C'est la RRSSSN qui organise les programmes de soins dans la région. Mme Noël-Aloise a énuméré devant le BAPE les effets potentiels sur la santé du brûlage des déchets à ciel ouvert. À court terme, ils incluent des impacts sur le système respiratoire, comme l’irritation des muqueuses, l’aggravation de l’asthme et la toux.
À long terme, les effets potentiels reflètent les avertissements du gouvernement fédéral sur certains cancers et la perturbation des systèmes immunitaire, endocrinien, et reproducteur. Mais ces derniers ne sont pas vraiment applicables au Nunavik, puisque la plupart du temps, il s’agit d’exposition à court terme
pour les populations, selon Mme Noël-Aloise.
Et il y a l’odeur
, a-t-elle ajouté. Ce n’est pas un risque pour la santé, mais c’est un désagrément à propos duquel les gens se sont plaints, et c’est surtout lié à la fumée, quand les vents vont dans l’autre direction.

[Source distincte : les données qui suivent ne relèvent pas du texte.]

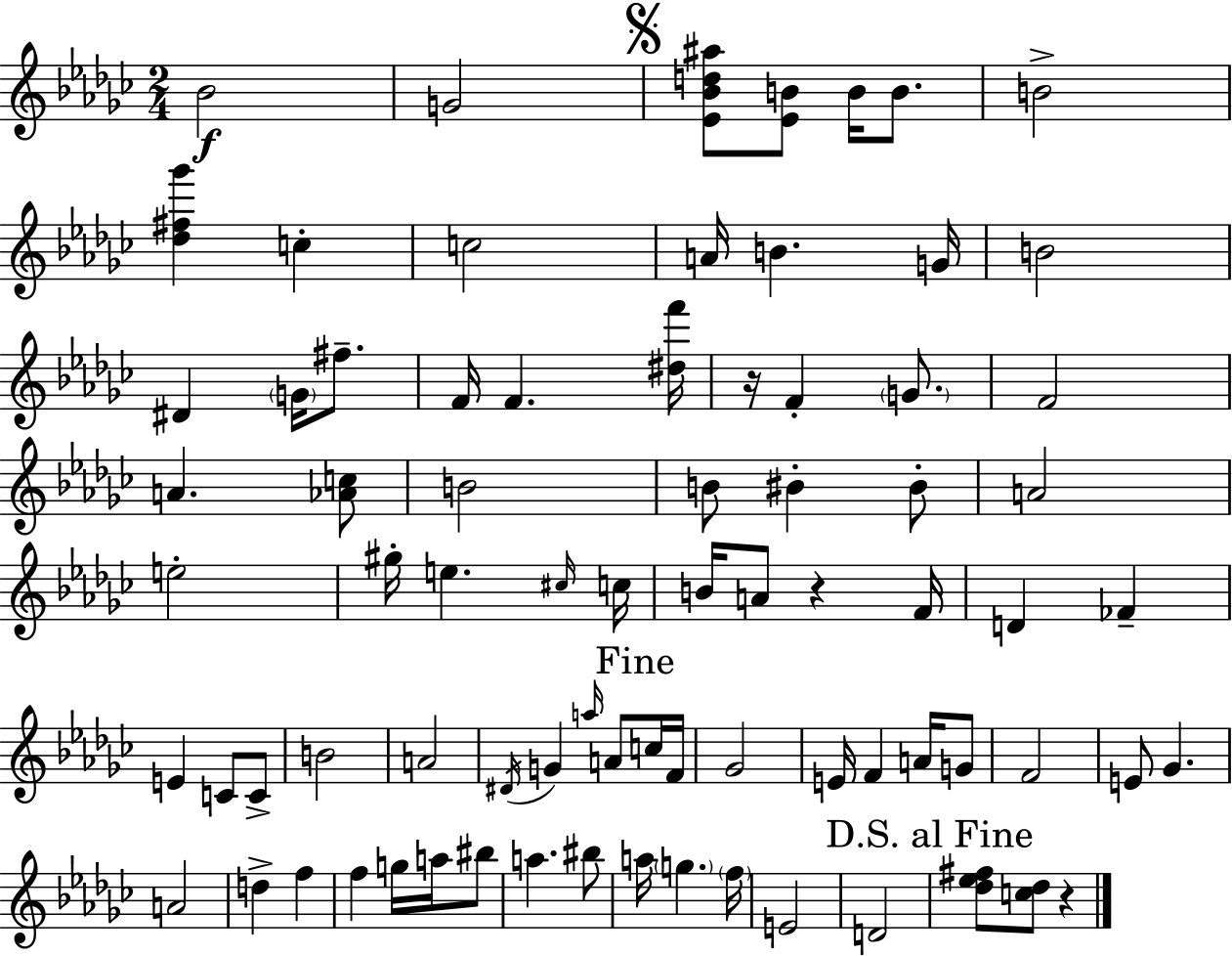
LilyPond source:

Pourtant, la RRSSSN n’a été mise au courant d’aucune plainte
, a déclaré la Régie par courriel. Nous entendons parler principalement de nuisances, soit d’odeurs désagréables ou de pollution visuelle. Il n’y a pas d’évidences ou de rapprochements effectués entre ces nuisances et des enjeux de santé sur le territoire du Nunavik.
Mais n’ayant pas de données, il est impossible, actuellement, de faire le lien entre des problèmes de santé ressentis par la population et les LEMN du Nunavik
, a reconnu la RRSSSN.
Questionnée à savoir si elle avait demandé au MSSS qu’une étude soit effectuée, la Régie n’a pas répondu.

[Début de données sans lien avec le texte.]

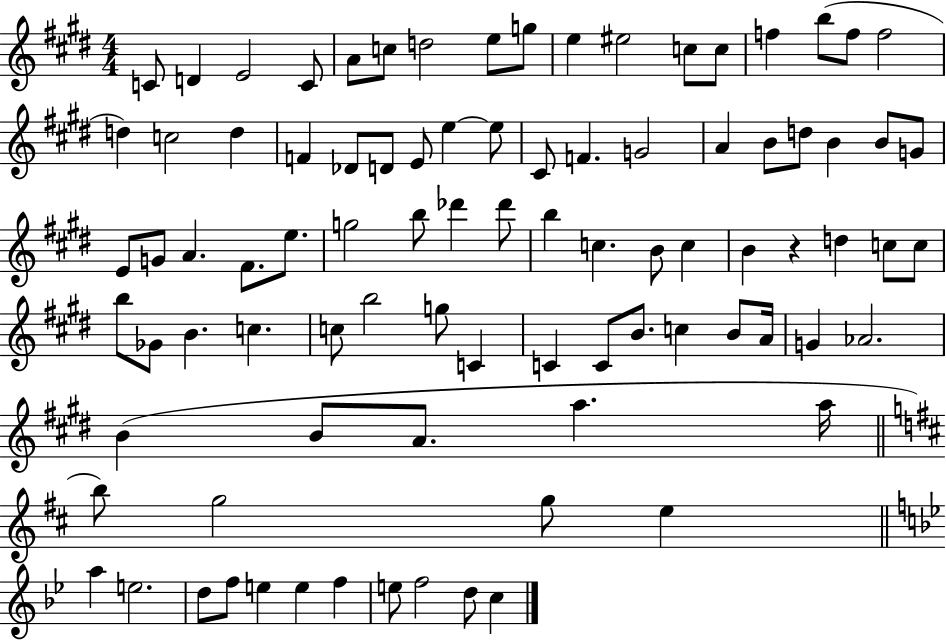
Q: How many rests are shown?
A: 1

Si le gouvernement du Québec n’a pas jugé bon d’étudier la question à ce jour, la Ville de Schefferville, sur la Côte-Nord, a mandaté une firme pour le faire en 2018.
La quasi-totalité des contaminants modélisés présentaient des concentrations supérieures aux normes
du MELCC, conclut l’étude. Certains contaminants présentaient des concentrations supérieures aux valeurs limites applicables sur une étendue importante, se rendant même jusqu'à la ville de Schefferville
, située 3 km plus loin, soit à une distance bien plus grande que les LEMN d’Inukjuak et de Kuujjuarapik, par exemple, ne le sont de leur village respectif.